_Task objective_. Every line of the material below needs to be copied exactly; omit the pictures.

_Data to process_.
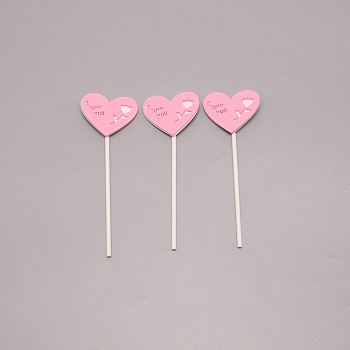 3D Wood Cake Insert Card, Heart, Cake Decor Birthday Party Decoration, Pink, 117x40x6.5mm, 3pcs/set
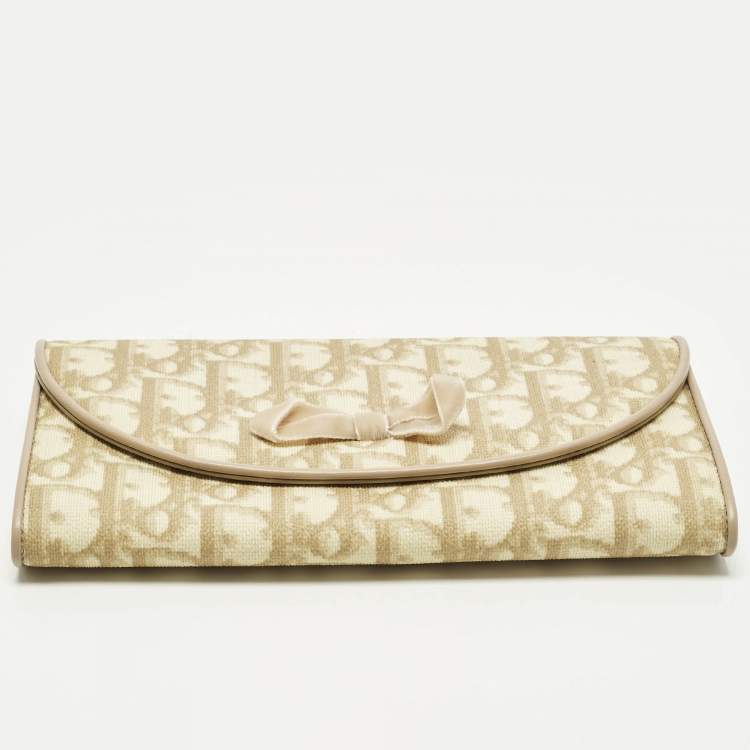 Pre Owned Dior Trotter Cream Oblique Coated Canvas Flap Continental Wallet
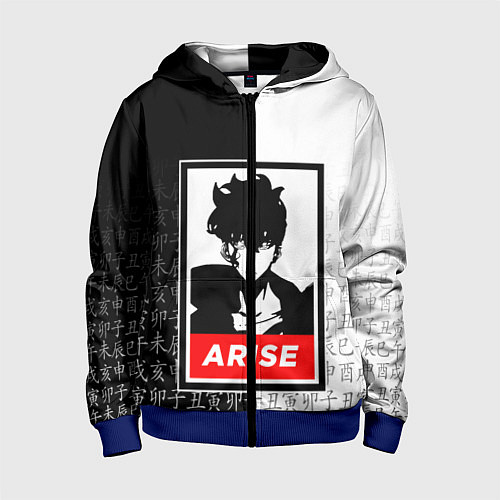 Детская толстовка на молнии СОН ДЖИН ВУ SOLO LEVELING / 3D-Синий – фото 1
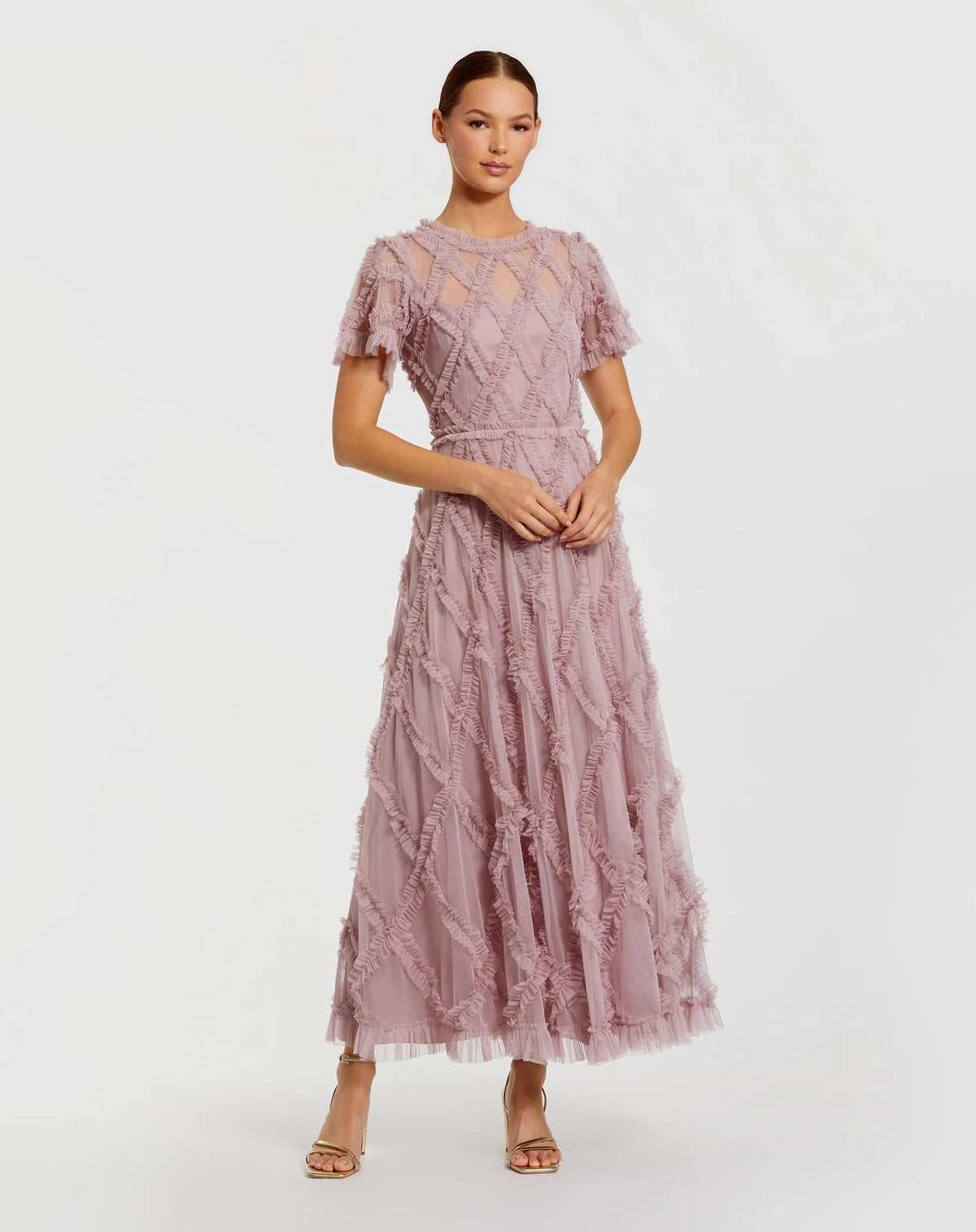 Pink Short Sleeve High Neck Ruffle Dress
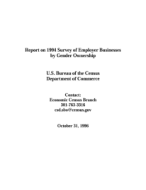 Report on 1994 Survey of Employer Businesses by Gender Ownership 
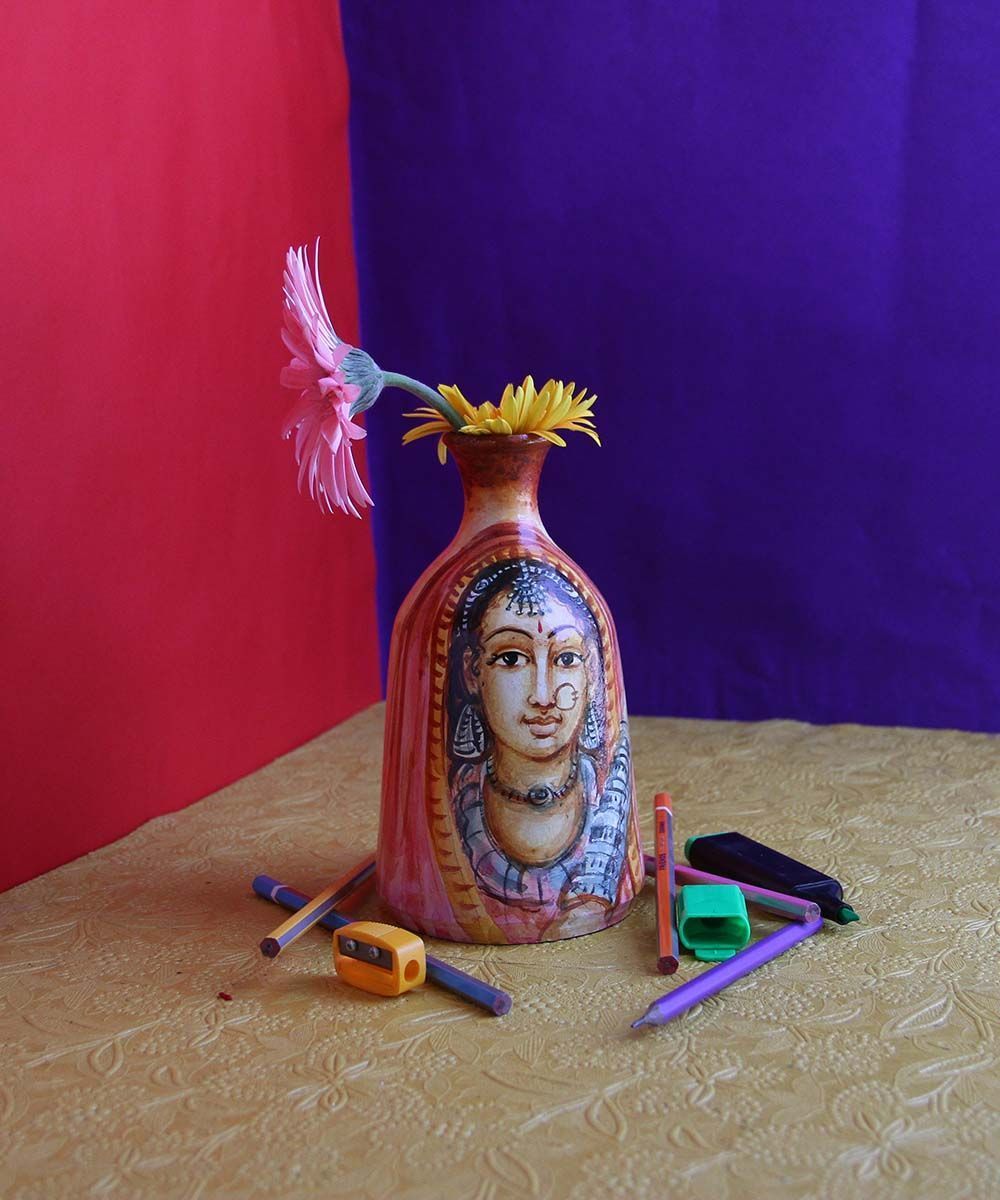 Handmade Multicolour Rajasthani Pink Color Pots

_Response area_.
 3D Wood Cake Insert Card, Heart, Cake Decor Birthday Party Decoration, Pink, 117x40x6.5mm, 3pcs/set
 Pre Owned Dior Trotter Cream Oblique Coated Canvas Flap Continental Wallet
 Детская толстовка на молнии СОН ДЖИН ВУ SOLO LEVELING / 3D-Синий – фото 1
 Pink Short Sleeve High Neck Ruffle Dress
 Report on 1994 Survey of Employer Businesses by Gender Ownership 
 Handmade Multicolour Rajasthani Pink Color Pots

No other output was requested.